Most computers these days have multi-core CPUs. There are multiple processing cores all working independently on different tasks. While many processes may only be able to operate in a single CPU core, you can have multiple processes using different cores running simultaneously.
It’s important to be able to say that a process is pinning its own individual core because that indicates that it is CPU-limited. It’s more important to see chrome.exe using 100% of a CPU core rather than using 12.5% of a whole CPU.
As a result, you can get >100% CPU usage with modern CPUs.
CPU usage is a measurement of the amount of time that a logical processor spends executing a workload other than the system idle process (which may include putting the hardware into a low power state)
If a computer has multiple logical processors, each processor is scheduled independently and has its usage computed independently.
Microsoft Windows normalizes this over the entire system. If the system has four logical processors, then each processor accounts for 25% of the maximum system utilization.
Unix-like operating systems including FreeBSD, Linux, and MacOS do not normalize this measurement. The same system with 4 logical processors can have a usage between 0 and 4, or 0% through 400% depending on how one looks at it.
CPU usage is not a measurement of computational throughput; rather, it is a measurement of relative busyness/availability.

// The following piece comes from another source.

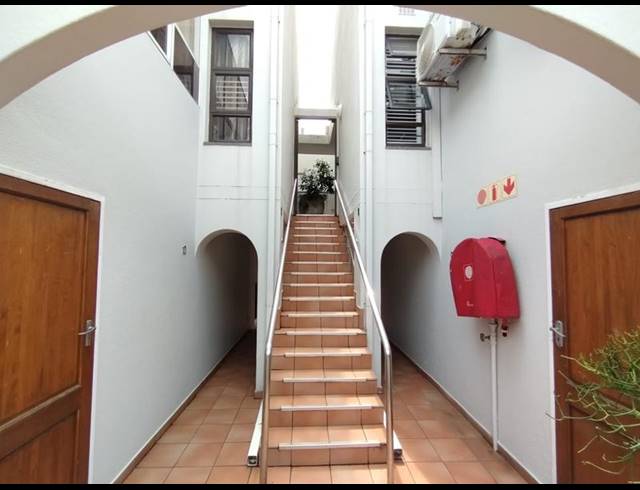 3 BEDROOM TOWNHOUSE FOR SALE IN UMHLANGA CENTRAL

Back in the “good old days” our CPUs were simple. One computer, one CPU. Our tools would simply check how many ticks a given process took, divide that with the total number of ticks per second and presto you have a CPU%. That just doesn’t work with modern CPUs, but our tools are the same.

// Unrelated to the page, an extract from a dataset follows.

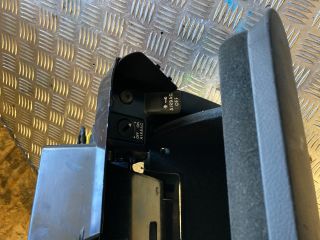 bontott VW PASSAT B6 Kesztyűtartó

Most computers today actually have more than a single CPU in them. While you may only see one CPU chip, they mostly come with several “cores” which is a fancy way of saying CPU. 2, 4, 8 or even 16 cores is not uncommon for consumer grade PCs these days. Each physical core is a whole CPU and they work in parallel. Technically each core doubles the speed but not entirely true. There are also virtual cores – which makes CPUs show twice as many cores as they really have. Each core is treated as a full CPU – meaning if you have 16 cores, you have 1600% cpu. It’s why some systems now use milicores instead. It’s a lot easier to understand that 5000 milicores out of 16000 is less than half the total capacity; % as you indicated gives you an expectation that 100% is full.